The EUR/USD pair broke out above the 1.30 level during the session on Thursday, which is an area that I thought would be rather resistive. It has been for some time, but you can see that it gave way during the session today. That being the case, I think that this market is ready to start bouncing around in the upper half of the larger consolidation area.
The 1.30 level should now start act as support, and the resistance will be focused on the 1.32 level. I have a hard time believing that the Euro will certainly take off though, because quite frankly there are far too many issues in the European Union to believe that the Euro will suddenly find massive strength. Granted, the last two days of been pretty stout, but I think the area just above should offer enough resistance that we should see a bit of a pullback in this vicinity.
1.30 should be crucial
The 1.30 handle should be crucial to see whether or not we can keep in the upper half of this consolidation area, or if we drifted back down into the lower half. Either way, I believe that this market will be choppy throughout the summer, and even though we have seen strength, I wouldn't count on it being that big of a deal in the end. Having said that, I don't necessarily think that a fall from here would be a big deal in the end either. Simply put, I think that we are trying to find the summer range that will keep this market from being trending in general.
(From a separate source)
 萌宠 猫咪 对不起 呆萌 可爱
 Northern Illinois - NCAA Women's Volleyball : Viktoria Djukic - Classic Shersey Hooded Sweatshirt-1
There is the possibility that we could see headlines come out of the European Union that sends this market lower, but quite frankly I think the market has become very complacent at this point. Having said that though, you're going to have to pay attention to the headlines because there are so many potential landmines in that region of the world. Quite frankly, the Euro’s best friend is the Federal Reserve, as the Federal Reserve continues to devalue the US dollar.